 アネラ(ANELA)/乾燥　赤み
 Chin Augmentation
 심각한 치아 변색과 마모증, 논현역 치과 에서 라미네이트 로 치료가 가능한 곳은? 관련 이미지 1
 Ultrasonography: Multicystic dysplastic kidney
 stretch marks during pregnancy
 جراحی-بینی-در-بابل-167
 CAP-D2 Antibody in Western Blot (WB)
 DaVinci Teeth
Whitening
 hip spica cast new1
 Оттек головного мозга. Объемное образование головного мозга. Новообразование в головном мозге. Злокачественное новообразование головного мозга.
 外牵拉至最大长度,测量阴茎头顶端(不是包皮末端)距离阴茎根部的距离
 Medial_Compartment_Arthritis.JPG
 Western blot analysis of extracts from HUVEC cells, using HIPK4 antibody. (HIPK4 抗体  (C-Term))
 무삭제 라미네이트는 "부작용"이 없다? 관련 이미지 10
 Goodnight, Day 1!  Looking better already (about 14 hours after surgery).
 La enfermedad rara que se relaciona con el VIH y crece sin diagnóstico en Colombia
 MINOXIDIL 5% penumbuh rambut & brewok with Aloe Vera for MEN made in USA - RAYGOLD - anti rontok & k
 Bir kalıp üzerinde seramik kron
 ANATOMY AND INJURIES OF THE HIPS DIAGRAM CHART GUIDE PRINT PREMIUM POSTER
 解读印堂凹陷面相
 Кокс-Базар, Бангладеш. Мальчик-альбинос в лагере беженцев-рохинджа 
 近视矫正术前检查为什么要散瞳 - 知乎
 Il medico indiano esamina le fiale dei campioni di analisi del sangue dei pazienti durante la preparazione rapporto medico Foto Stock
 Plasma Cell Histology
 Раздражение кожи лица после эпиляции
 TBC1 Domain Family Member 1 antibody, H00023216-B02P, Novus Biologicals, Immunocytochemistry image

> [TASK BRIEF]: Each line above needs to be written out again exactly.

> [REPLY]:
 アネラ(ANELA)/乾燥　赤み
 Chin Augmentation
 심각한 치아 변색과 마모증, 논현역 치과 에서 라미네이트 로 치료가 가능한 곳은? 관련 이미지 1
 Ultrasonography: Multicystic dysplastic kidney
 stretch marks during pregnancy
 جراحی-بینی-در-بابل-167
 CAP-D2 Antibody in Western Blot (WB)
 DaVinci Teeth
Whitening
 hip spica cast new1
 Оттек головного мозга. Объемное образование головного мозга. Новообразование в головном мозге. Злокачественное новообразование головного мозга.
 外牵拉至最大长度,测量阴茎头顶端(不是包皮末端)距离阴茎根部的距离
 Medial_Compartment_Arthritis.JPG
 Western blot analysis of extracts from HUVEC cells, using HIPK4 antibody. (HIPK4 抗体  (C-Term))
 무삭제 라미네이트는 "부작용"이 없다? 관련 이미지 10
 Goodnight, Day 1!  Looking better already (about 14 hours after surgery).
 La enfermedad rara que se relaciona con el VIH y crece sin diagnóstico en Colombia
 MINOXIDIL 5% penumbuh rambut & brewok with Aloe Vera for MEN made in USA - RAYGOLD - anti rontok & k
 Bir kalıp üzerinde seramik kron
 ANATOMY AND INJURIES OF THE HIPS DIAGRAM CHART GUIDE PRINT PREMIUM POSTER
 解读印堂凹陷面相
 Кокс-Базар, Бангладеш. Мальчик-альбинос в лагере беженцев-рохинджа 
 近视矫正术前检查为什么要散瞳 - 知乎
 Il medico indiano esamina le fiale dei campioni di analisi del sangue dei pazienti durante la preparazione rapporto medico Foto Stock
 Plasma Cell Histology
 Раздражение кожи лица после эпиляции
 TBC1 Domain Family Member 1 antibody, H00023216-B02P, Novus Biologicals, Immunocytochemistry image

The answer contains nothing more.